Posted on January 10, 2023

Children evacuated from Germany on the Kindertransport in 1938/1939 are given candies in Southampton, England (photo credit: MAARIV)

The UK Parliament is set to exhibit 30 portraits of people affected by the Holocaust, genocide or identity-based persecution in honor of Holocaust Remembrance Day which is marked internationally at the end of the month of January.

Four passengers of the Kindertransport are featured in the portraits: An ink and dipping brush drawing of couple Ann and Bob Kirk by Ellie Jones, a drawing of Bronia Snow by Ali Simmons, and a drawing of Fay Healey by 10-year-old Cerys.

Ann and Bob were on separate Kindertransports and only met later in life after the war in 1950. The two married and had two children.

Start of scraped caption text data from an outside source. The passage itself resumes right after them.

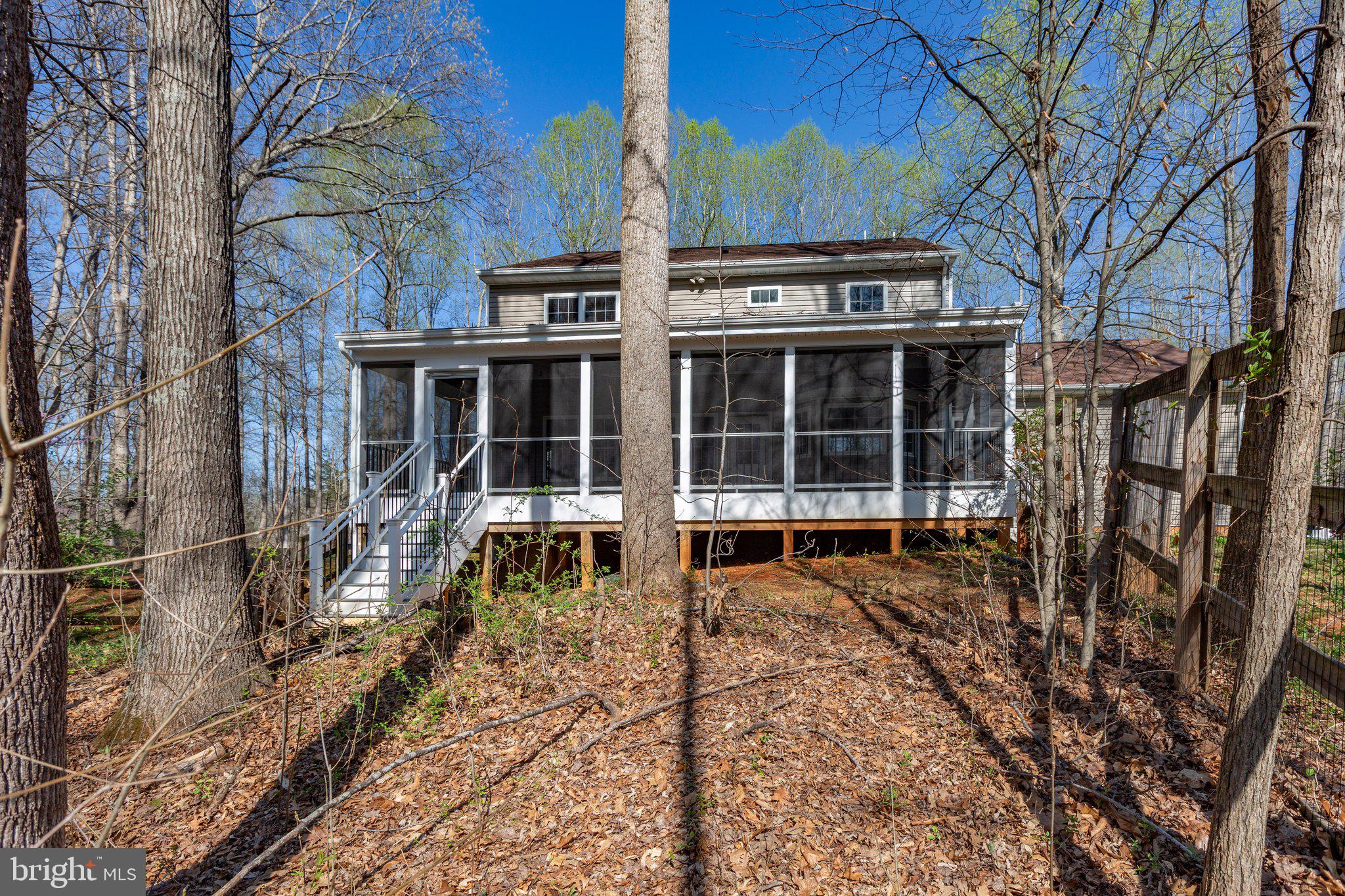 HARWILL ACRES - Residential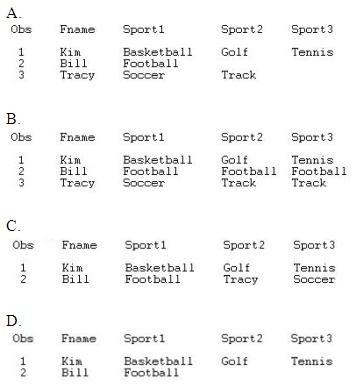 Question 16 diagram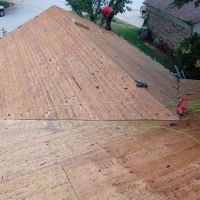 NOVA Roofing Services ico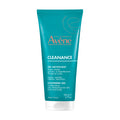 Avène Cleanance Cleansing Gel Cleanser 200ml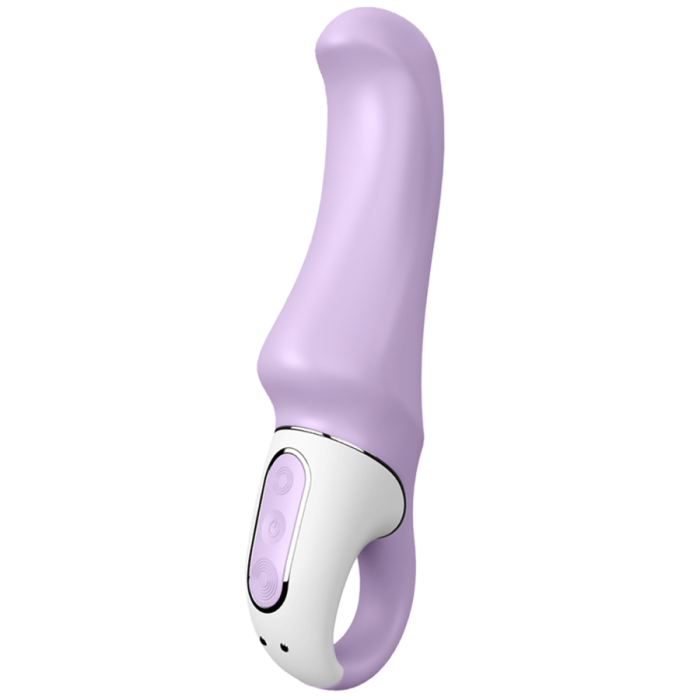 Obsenza - SATISFYER Vibes Charming Smile – Leistungsstarker Sexspielzeug für Genuss und Wellness - Image 1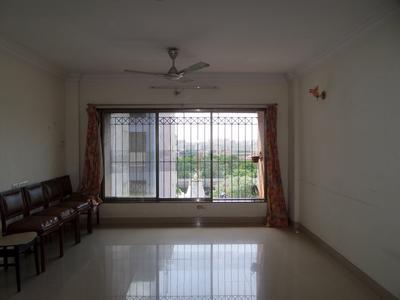 Gallery Cover Image of 1170 Sq.ft 2 BHK Apartment for buy in Chembur for 24000000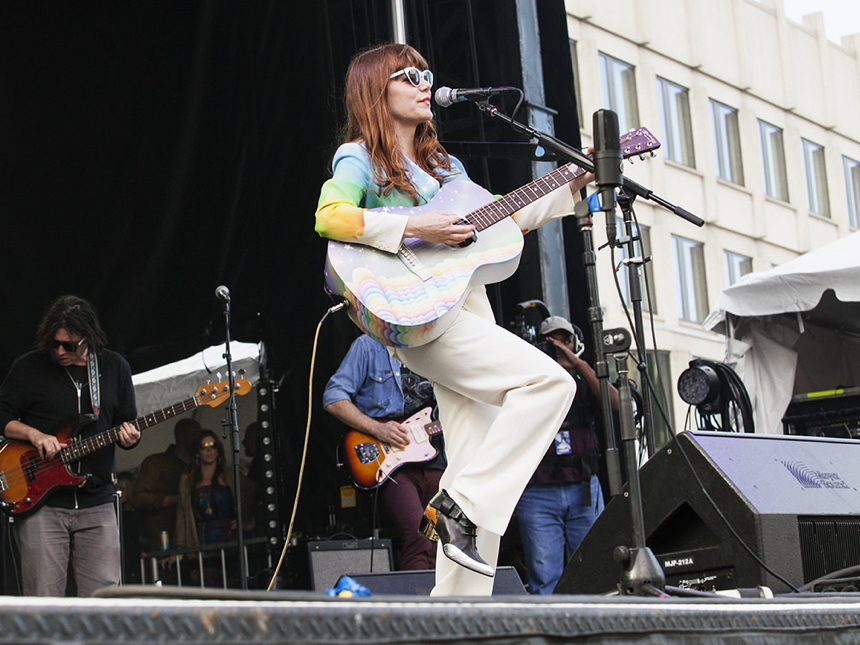 Boston Calling Music Festival &bull;&nbsp;5/24/14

Bronia was on a transport from Prague when she was 11 and was sent to a foster family. She never saw her biological family ever again. She told Simmons that she struggled with faith after the horrors of the Holocaust, but Simmons noted that “Bronia seems resilient, kind and curious.”

Fay Healey was on a 1938 transport from Poland at the age of 11. As an adult, Fay was a lollipop lady (a person who helps children cross the road when they are on the way to and from school) at Lander Road Primary School and St. Elizabeth Primary School.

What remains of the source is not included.